Government agencies have also taken notice. The U.S. Cybersecurity and Infrastructure Security Agency (CISA) and its counterparts in the UK and EU have issued advisories warning about the growing use of AI in offensive cyber operations. In February 2025, Microsoft and OpenAI jointly published research documenting attempts by state-affiliated threat actors from Russia, China, Iran, and North Korea to use AI tools for reconnaissance, scripting, and social engineering. The C.R.A.B. case adds to this body of evidence, demonstrating that the threat extends beyond nation-state actors to individual hackers operating independently.
What Comes Next in the AI Security Arms Race
The cybersecurity industry now faces a difficult question: how do you defend against an attacker who can generate custom exploit code on demand using widely available commercial tools? Traditional signature-based defenses are poorly suited to this challenge, since AI-generated code can be varied and obfuscated with each iteration. Behavioral analysis and anomaly detection offer more promise, but they require significant investment in monitoring infrastructure and skilled personnel to operate effectively.
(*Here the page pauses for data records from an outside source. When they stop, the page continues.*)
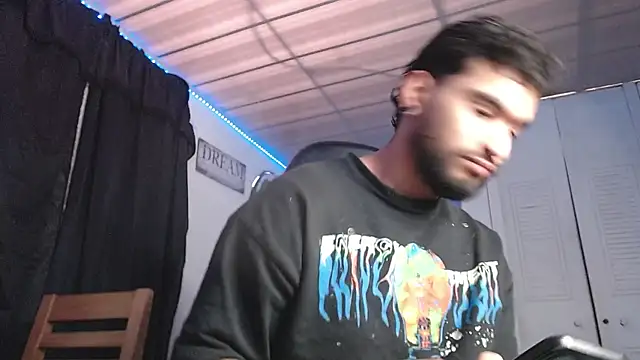 Chrys harris77 online show from October 7, 2025, 8:17 pm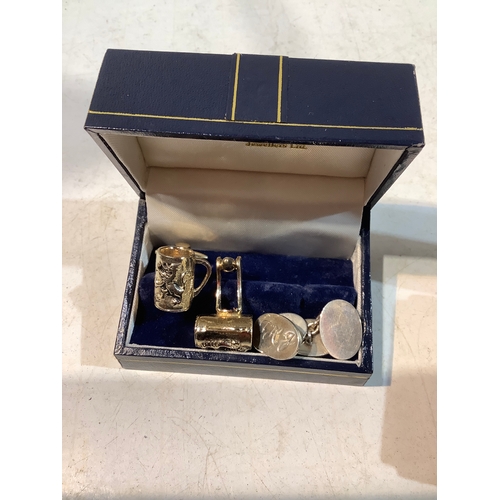 18 - Arthur price of England pair of spoons plus pair of cuff links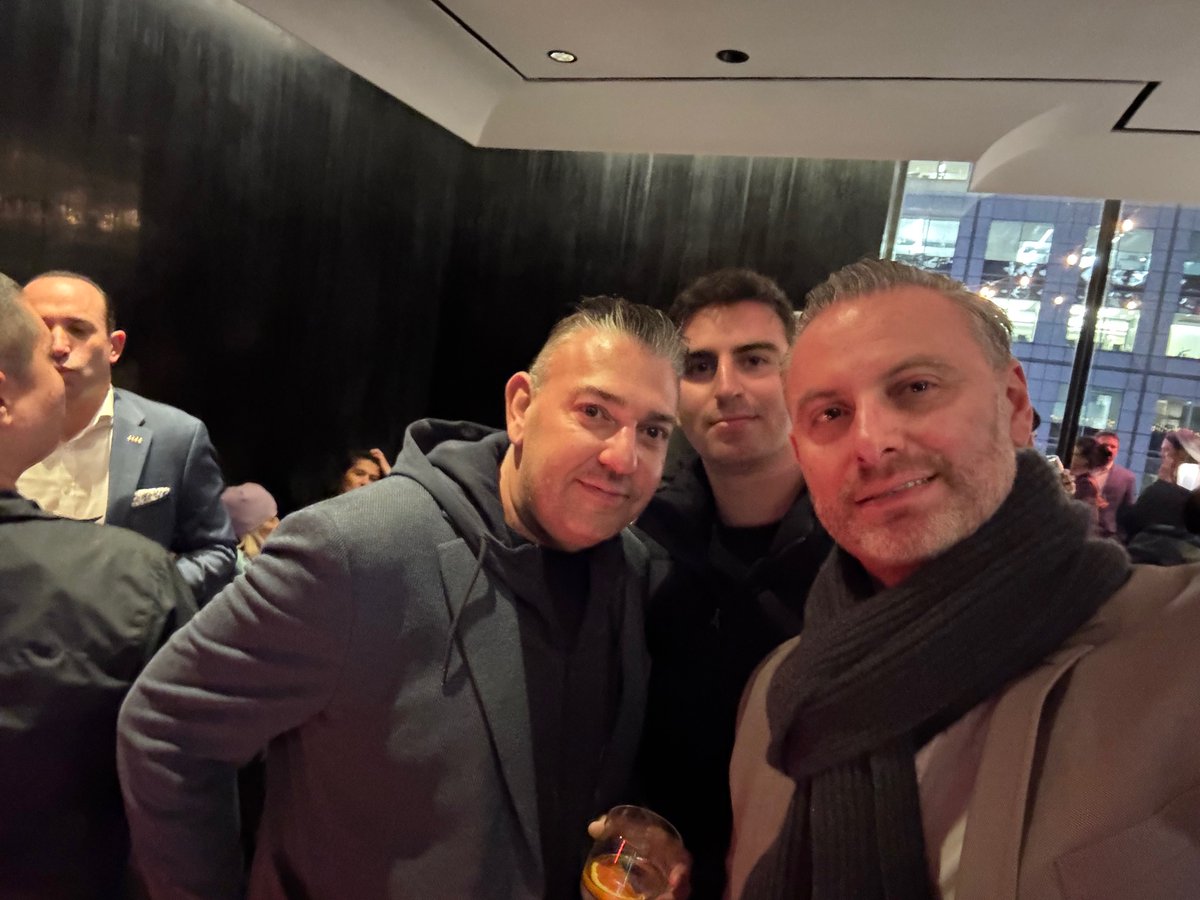DataVerge's tweet photo. That’s a wrap on @DCD_ES #DCDConnect New York! Thanks to everyone who connected with us and joined @nomadfuturist's Mana Hui Leaders Connect, an evening high above Times Square! https://t.co/ciNfYYLBhr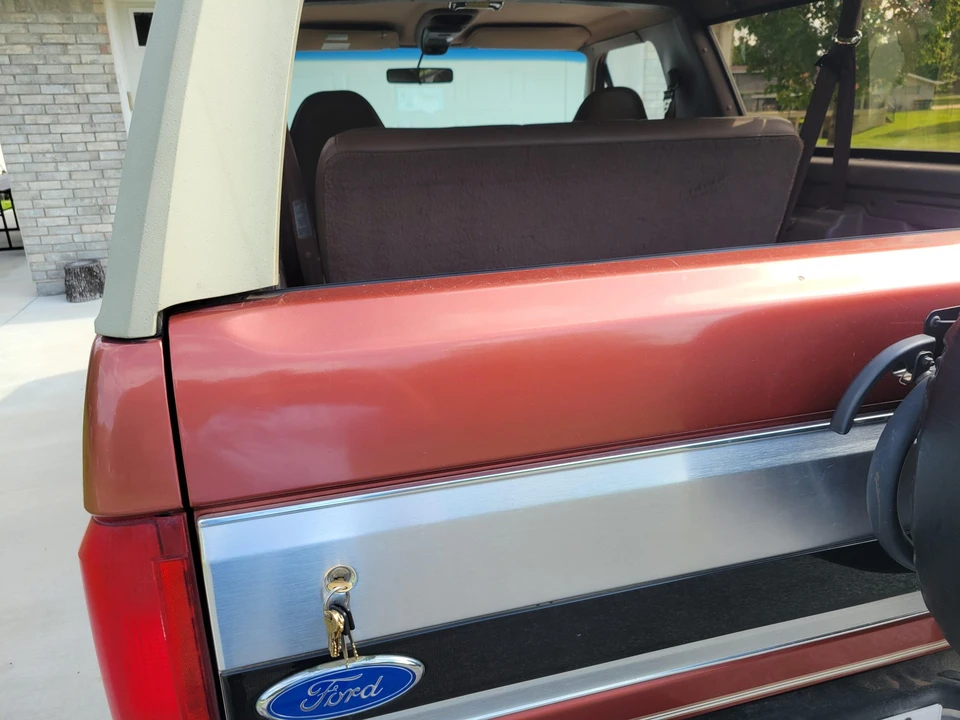1994 Ford Bronco 5th Gen - Image 29 of 31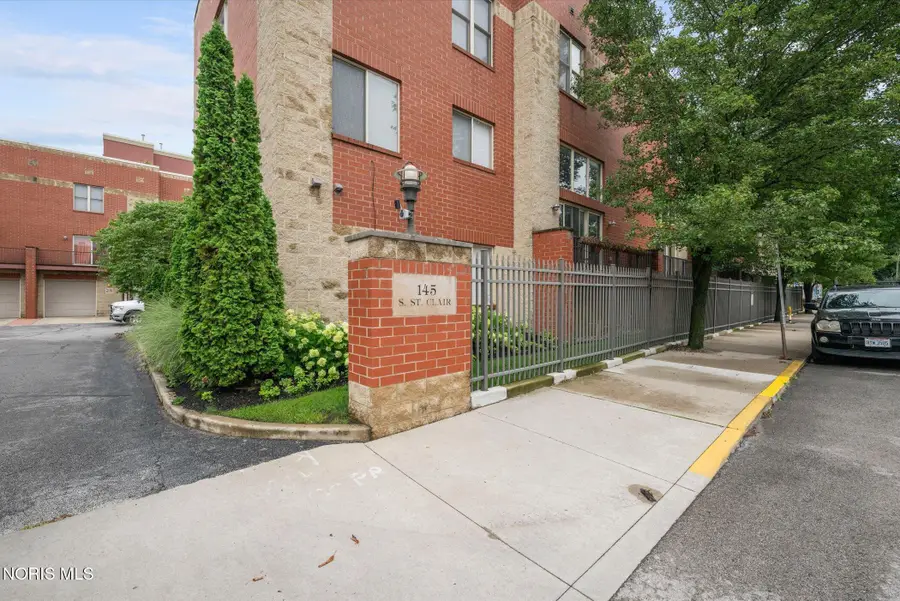145 S Saint Clair Street #38, Toledo, OH 43604 - #2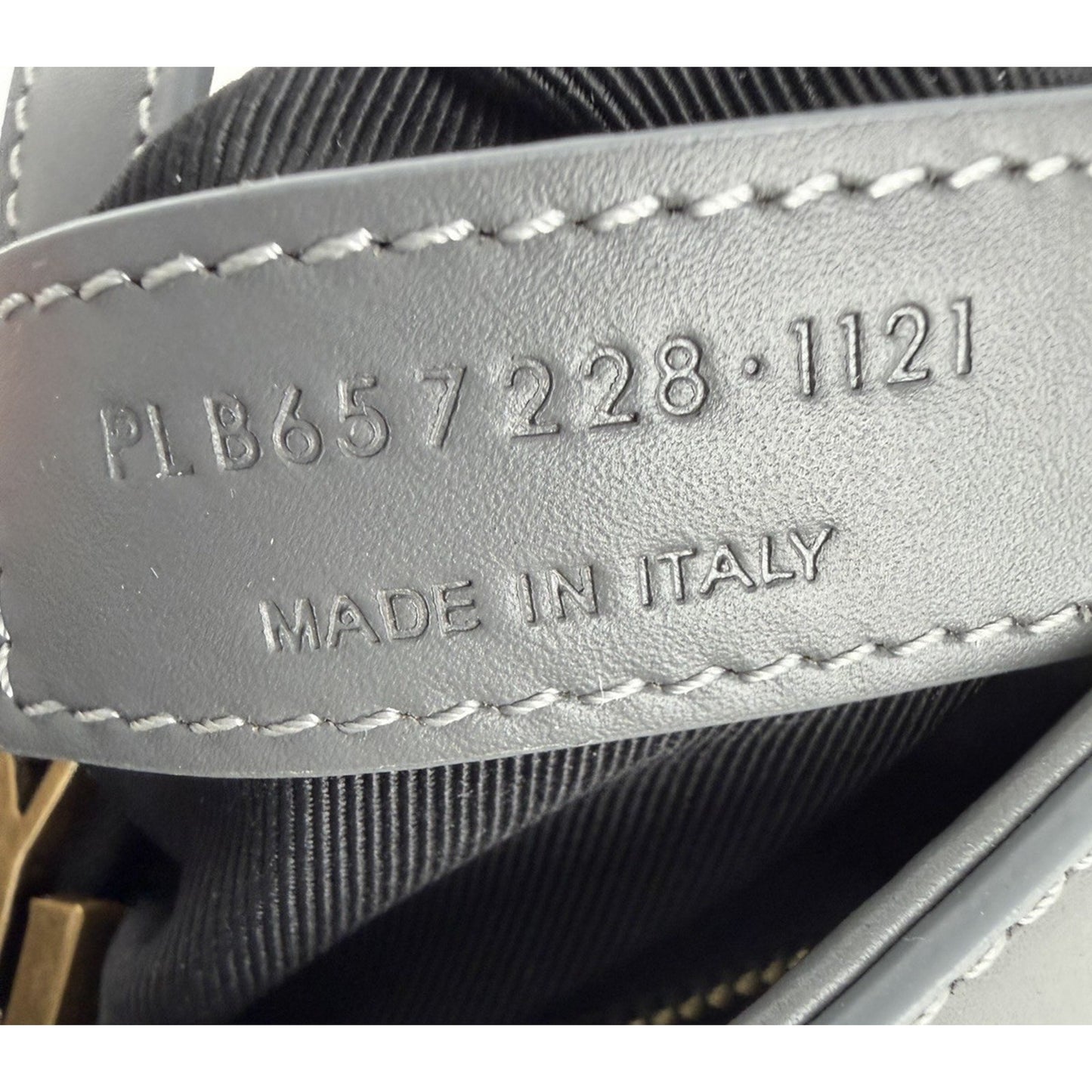 Saint Laurent Le 5 À 7 Hobo Shoulder Bag in Gray Smooth Calfskin Leather S-09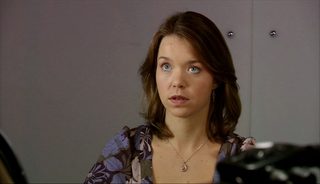 Anna Maxwell Martin, photo 3 of 3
Some researchers have proposed that AI vendors implement more sophisticated context-tracking systems that can detect when a user is attempting to construct a jailbreak scenario over multiple prompts — even when individual prompts appear benign. Others have suggested that the industry needs a standardized framework for reporting and sharing information about AI jailbreak techniques, similar to the Common Vulnerabilities and Exposures (CVE) system used for software vulnerabilities. Whether any of these proposals gain traction will depend in large part on the willingness of AI companies to collaborate on a problem that, for now, none of them have solved individually.
The C.R.A.B. case is a warning shot. It demonstrates with uncomfortable clarity that the tools designed to boost productivity and creativity can, with relatively modest ingenuity, be turned into weapons. For enterprises, the message is straightforward: assume that your adversaries are using AI, and plan your defenses accordingly.